Professor Maureen B. Collins will retire at the end of this semester after teaching for more than 30 years.
During her time at the Law School, she blended her expertise in intellectual property and love of legal writing by creating a full-year Lawyering Skills course for students aspiring to careers in IP law. This course provides introductory doctrinal concepts about a variety of IP issues, students enrolled in these classes get to practice their writing, research and oral argument skills on problems that are designed to reflect current topics in IP practice. Students gain not only practical knowledge and skills, but are also able to capitalize on Collins’s deep network of connections in the IP practicing bar.

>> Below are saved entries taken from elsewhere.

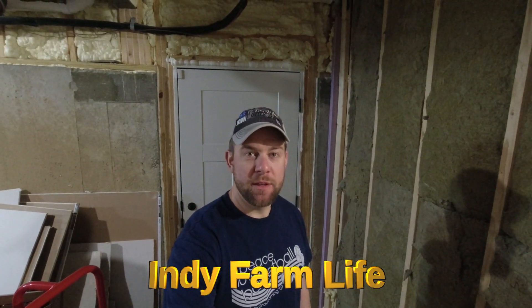Hey everyone, welcome back to the channel. Adam here with Indie Farm Life. You guys remember that massive basement project? Well, I have an update for you. Two months later, things look a whole lot different. Let's give it a look.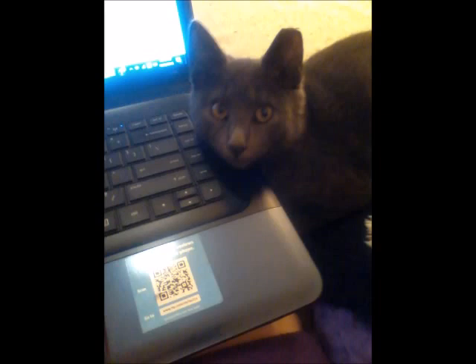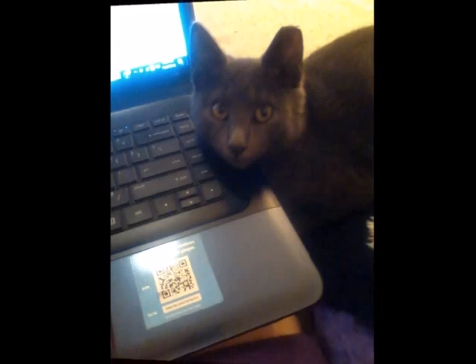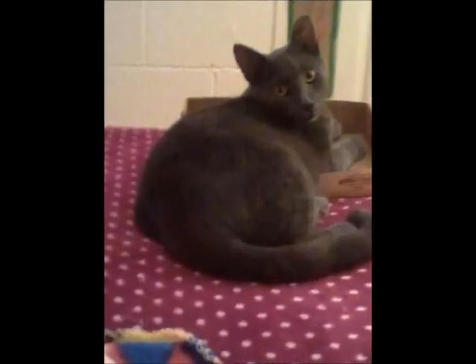He was ear-tipped when he was fixed. I don't particularly like the fact that he was ear-tipped, but at the time I didn't know I was going to keep him as my own personal pet. He was supposed to be a member of a colony, and they ear-tip them so they can tell, when they release them back, whether they've been fixed or not — so they don't have to trap the cats a second time and open them up for another surgery. Researchers and pet care people can see at a glance who has been fixed by the notch on the left ear. I can understand why they do it — Chirpy is still a gorgeous cat.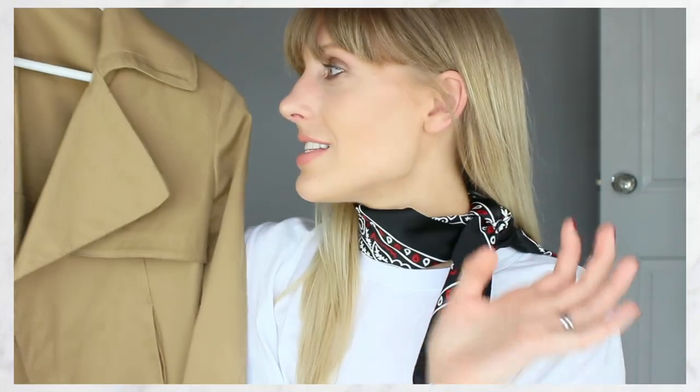Moving on to the trench jacket and how I styled this — I just think this is so versatile. Throw it over a summer dress, throw it on with your favourite monochrome outfit, throw it on with your favourite pair of denim. It pretty much goes with anything, so I'll be getting a lot of wear out of this one. It's a bit more versatile for going out in and carrying around, being a shorter jacket, and it's a great cover-up for a spring summer holiday.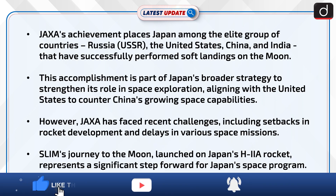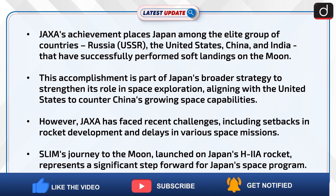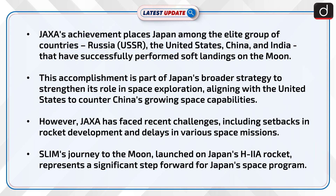JAXA's achievement places Japan among the elite group of countries — Russia, the United States, China, and India — that have successfully performed soft landings on the moon. This accomplishment is part of Japan's broader strategy to strengthen its role in space exploration, aligning with the United States to counter China's growing space capabilities. However, JAXA has faced recent challenges, including setbacks in rocket development and delays in various space missions.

Over the years, an innumerable number of professional relationships began informally in Collins’s classroom and matured into internships, clerkships and associate positions.
Before joining UIC Law, Collins was Director of the Legal Writing Program at DePaul University College of Law, where she designed and implemented the first-year and upper-level writing curriculum, created assignments and coordinated the staff of full-time and adjunct professors.

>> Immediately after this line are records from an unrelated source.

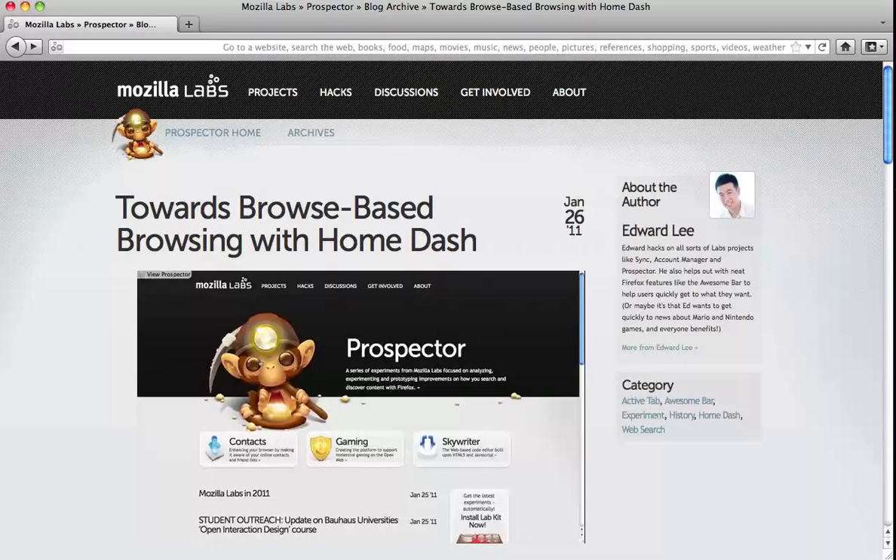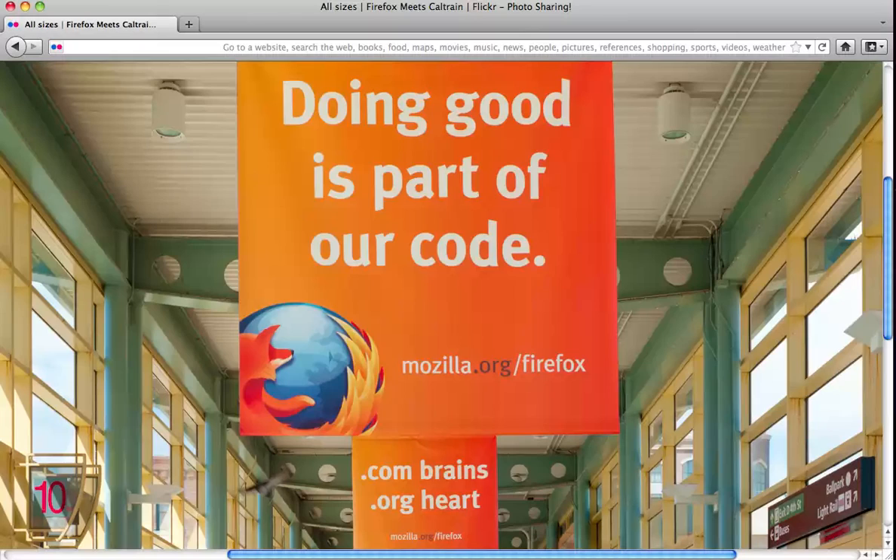AwesomeBarHD spins off from the HomeDash project to focus experiments on a combined location and search bar with a Mozilla twist. This means placing you as a user first and respecting your privacy, so unlike other browsers, the combined input will not send every letter you type to a remote server.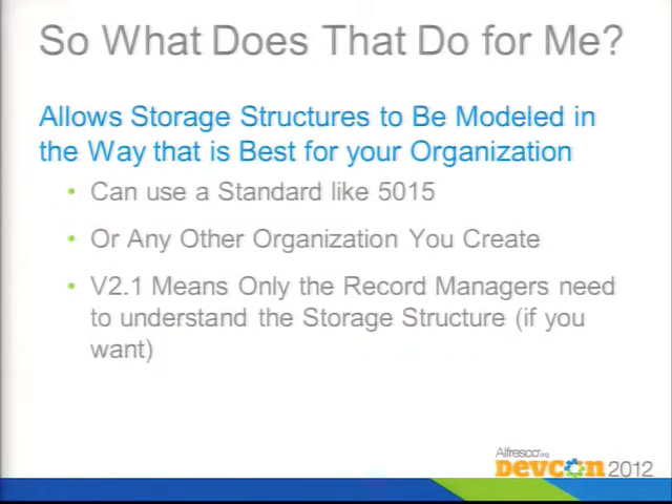With version 2.1 and in-place records management, only the record managers really need to understand the structure, since everybody else will just use the document management view. You can mess around with this behind the scenes, which is a fairly interesting feature.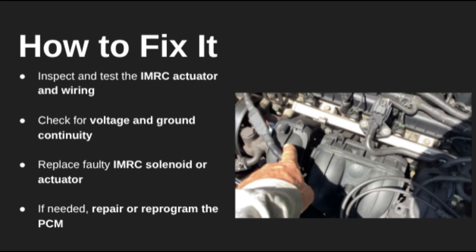And that's a complete breakdown of P2008. Let me know in the comments if you've run into this code and how you fixed it. If you found this helpful, hit that like button, subscribe, and ring the bell for more code diagnostics and repair tips. Thanks for watching. See you in the next one.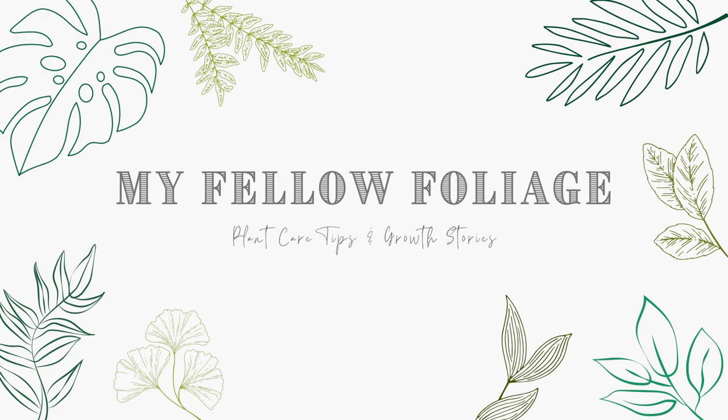Welcome, my fellows! My name is Grace and I love plants. If you're interested to learn about new varieties or care tips, definitely hit subscribe — I post videos every week.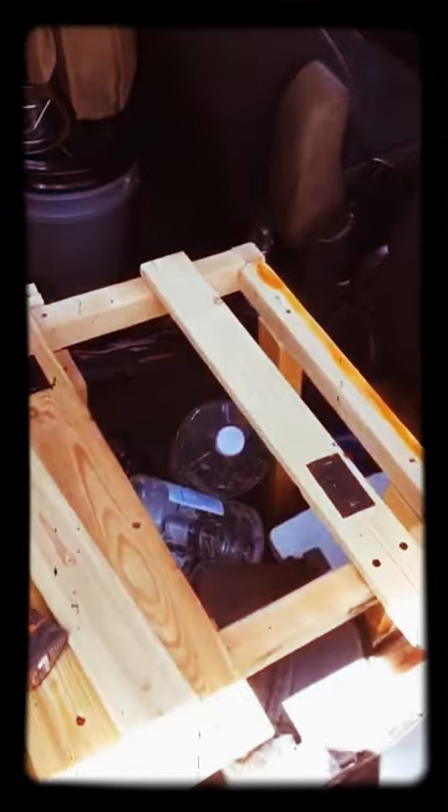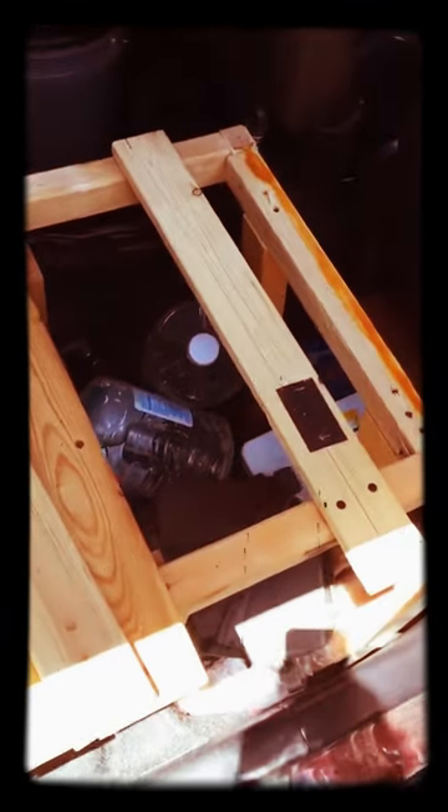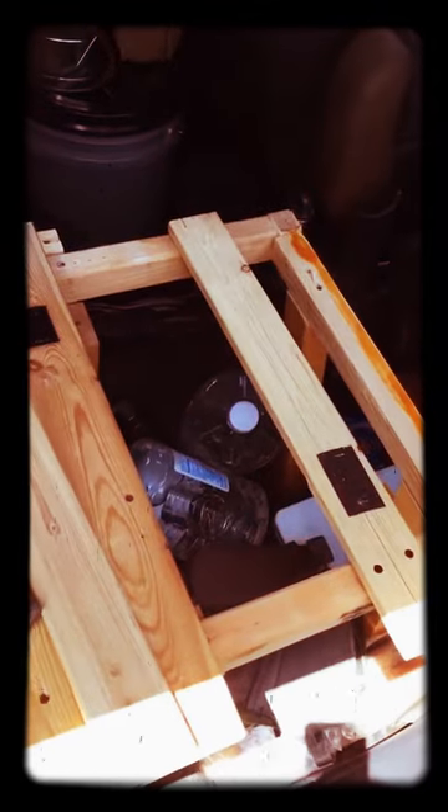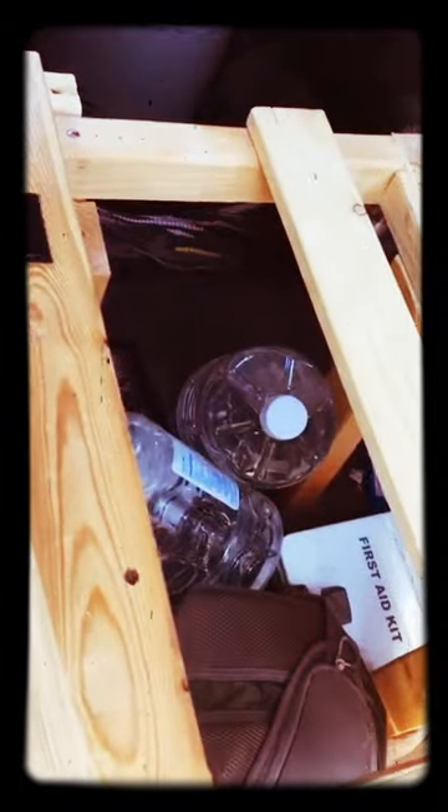So I'm gonna put some hinges here, but I got to cut some pieces of wood for the hinges. Because I eventually want to put a cooler in there underneath, since it stays a lot cooler in there than the rest of the car does. So I want to be able to put a cooler down there and then just flip this thing up with the hinges to get to it.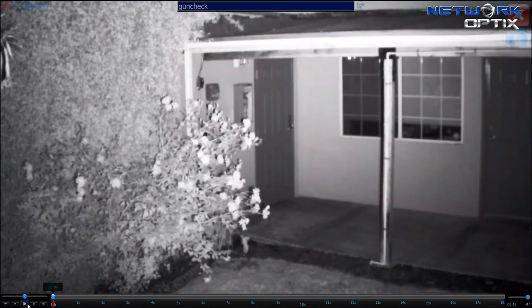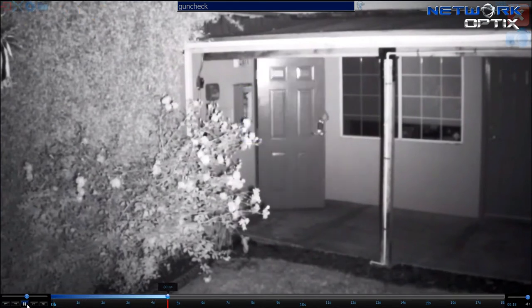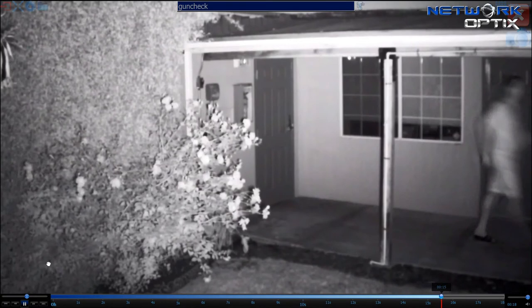Let me go ahead and reset it back to the beginning. In that same 1080p video with the proper illumination from the Illuminar IR illuminator, you can see that as I came through the door, I reach into the back pocket, pull out car keys, and that flash was me engaging the lock on the car.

Collins is the author of numerous law review articles on art and IP law. In collaboration with Lawyers for the Creative Arts, where she serves on the Board, she authored Law for Visual Artists, a guide for non-lawyers. She was the “Legal Communications” columnist for the Illinois Bar Journal from 1995 through 2004. She developed a specialty in protecting intellectual property designs that are used in fabric art and has written and lectured on the topic.
Before her career in legal academia, Collins was an attorney at Sidley Austin LLP, practicing trademark, copyright and advertising law. She served as a writing consultant with several law firms, working with summer associates on research and writing issues. She looks forward to similar opportunities to continue teaching lawyers on a consultant basis during her retirement.